Independientemente de un pretendido solapamiento, la forma de proceder de esta crisis ha pillado a muchos a traición. Se esperaba un ciclo bajista, una etapa contractiva en la que se purgaran algunos excesos expansionistas, pero no una situación de gravedad tan extrema que desbordara todos los diques y que no respondiera ante los tratamientos convencionales, para la que ha sido preciso utilizar la acción conjunta de los organismos internacionales, salvaguardado la estabilidad del sistema financiero, e insuflando oxígeno a los órganos socialmente más expuestos, porque cuando la economía se paraliza ha de ser la inversión pública la que supla la falta de iniciativa privada, aunque eso suponga aumentar el déficit y someter al Estado a un proceso de endeudamiento. Porque lo perentorio ahora es apuntalar el sistema, contener la hemorragia antes de promover una cirugía reparadora, ya que para las reformas estructurales y los cambios de modelos económicos siempre hay tiempo.

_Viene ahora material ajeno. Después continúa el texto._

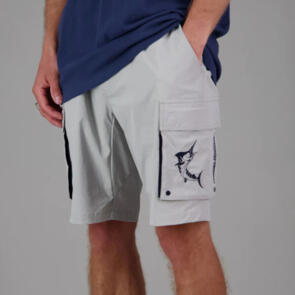 JUST ANOTHER FISHERMAN ANGLER TECH CARGO SHORTS LONDON FOG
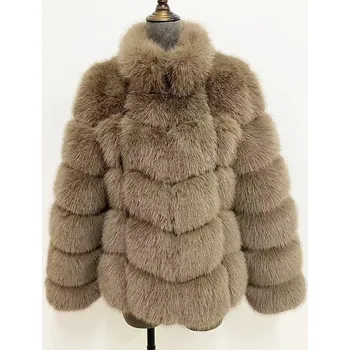 Dámský kožich A.Zado.Rin Luxusní dámský kožich, nadýchaný elegantní kabát Tmavě Hnědá L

El descenso del precio de los carburantes junto al de otros productos ha tenido sobre la economía un efecto balsámico. Gracias a ello, los índices de inflación se han situado en mínimos históricos, posibilitando un recorte significativo de los tipos de intereses. El dinero más barato no sólo sirve para rebajar las cuotas hipotecarias, sino que también proporciona una mayor fluidez a los bancos, alguno de los cuales ya han empezado a soltar el lastre del cúmulo de viviendas desahuciadas, lo hacen de forma lenta, gradual y silenciosa, para no despertar presiones bajistas en el mercado. Han empezado ofreciéndoselas a bajo precio a los empleados y a sus familiares. Lo que ahora procede es que esa liquidez que el Gobierno está inyectando en las correntías financieras no se quede allí embalsada, sino que trascienda a las familias y a las empresas para que la reactivación empiece a dar sus primeros frutos.

A partir de ahora, la economía deberá transitar por caminos distintos, dotarse de una ética y de unos métodos de actuación diferentes, propendiendo a un sistema más regulado, donde sea preciso llevar los pies bien pegados a la tierra, establecer unos principios que ponga el énfasis en la economía productiva, más que en el humo de la especulativa, controlar el caballo de la impaciencia, sabedores de que el edificio construido sobre bases sólidas no está sometido a las constantes vicisitudes de cualquier mal viento.